Figure 3. Secretion of Human Argonaute and miRNA Biogenesis Machinery.

(A) Schematic of human miRNA biogenesis. Pri-miRNA is transcribed by RNA polymerase II and cropped by the Drosha/DGCR8 microprocessor complex to generate pre-miRNA. After export to the cytoplasm, Dicer cleaves the stem loop supported by TRBP. The miRNA/miRNA duplex is then loaded into Ago in an HSP90/HSC70-dependent manner. The miRNA duplex is unwound and the passenger strand is ejected. Ago and GW182 form the mature RISC complex necessary for gene silencing. Insert shows common proteins found in “GW bodies”, processing bodies and stress granules with * denoting proteins with increased abundance in conditions of cellular stress.

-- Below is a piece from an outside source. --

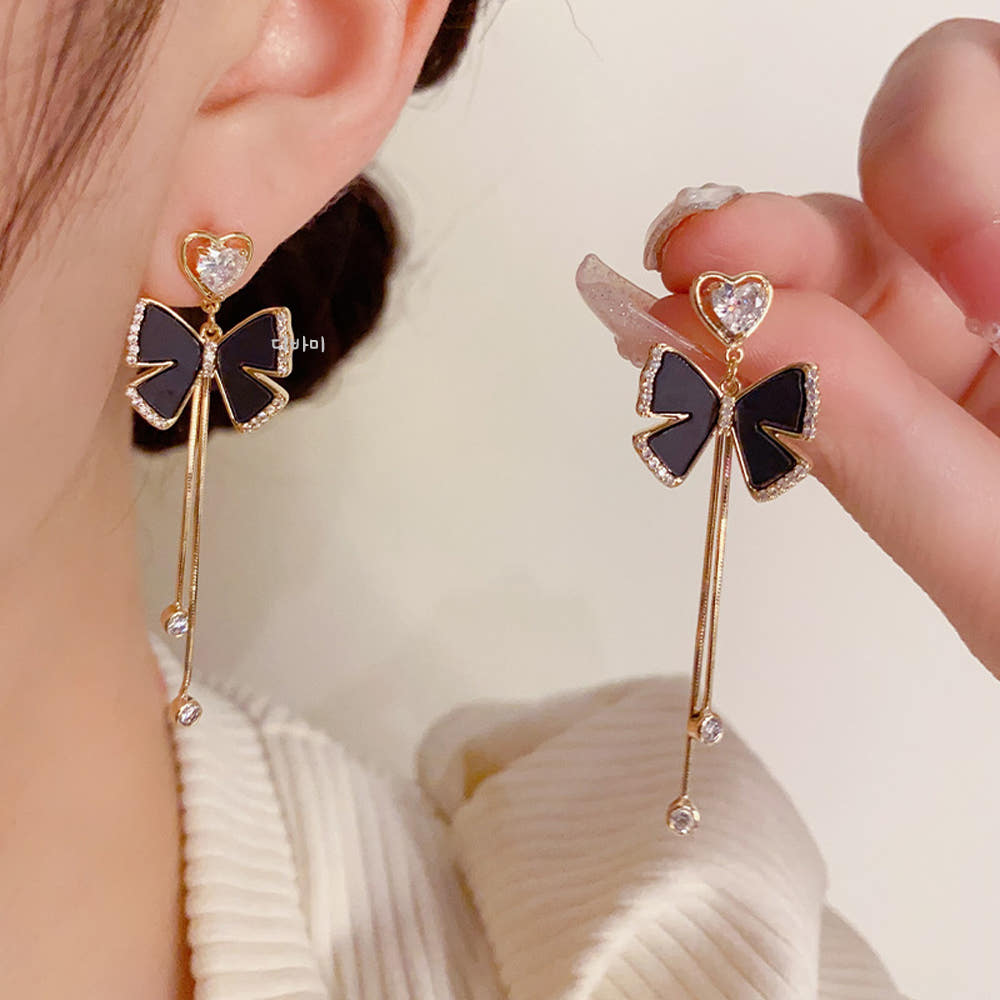 S925 하트 나비 이어링 14K 화이트 블랙 원석 긴귀걸이 이미지 7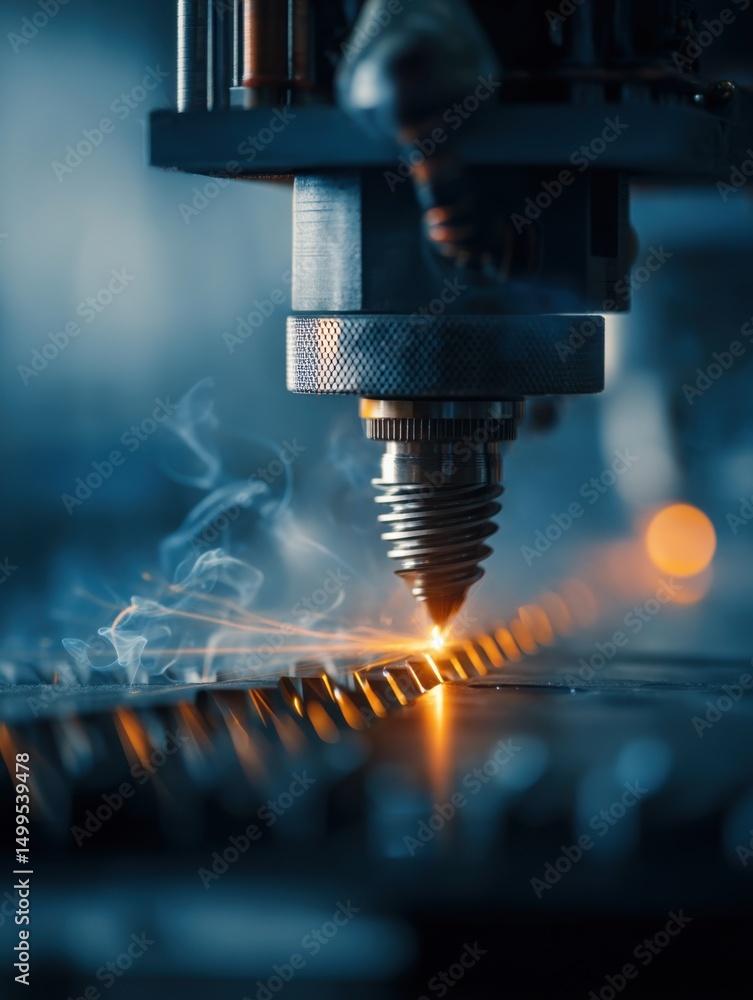Poster close up of a laser cutting machine in action cutting through metal with sparks and smoke in a facto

(B) Immunoblots of whole cell lysates, large EVs (P15) and crude small EVs (P120).

(C) Immunoblots of cell lysates from four colorectal cancers (CRC), adjacent normal and lymph node metastasis, and crude small EVs (P120) isolated from matched tissue/interstitial fluid (STAR Methods). N, normal; T, tumor; LM, lymph node metastasis.

(D) Immunoblots of high-resolution density gradient-purified sEV and NV samples isolated from plasma of three normal individuals (see Figure S3D).

(E) Immunoblots of high-resolution density gradient fractionation of crude small EVs (P120).

See also Figure S3.

Figure 4. Extracellular Release of RNA-Binding Protein and Vaults.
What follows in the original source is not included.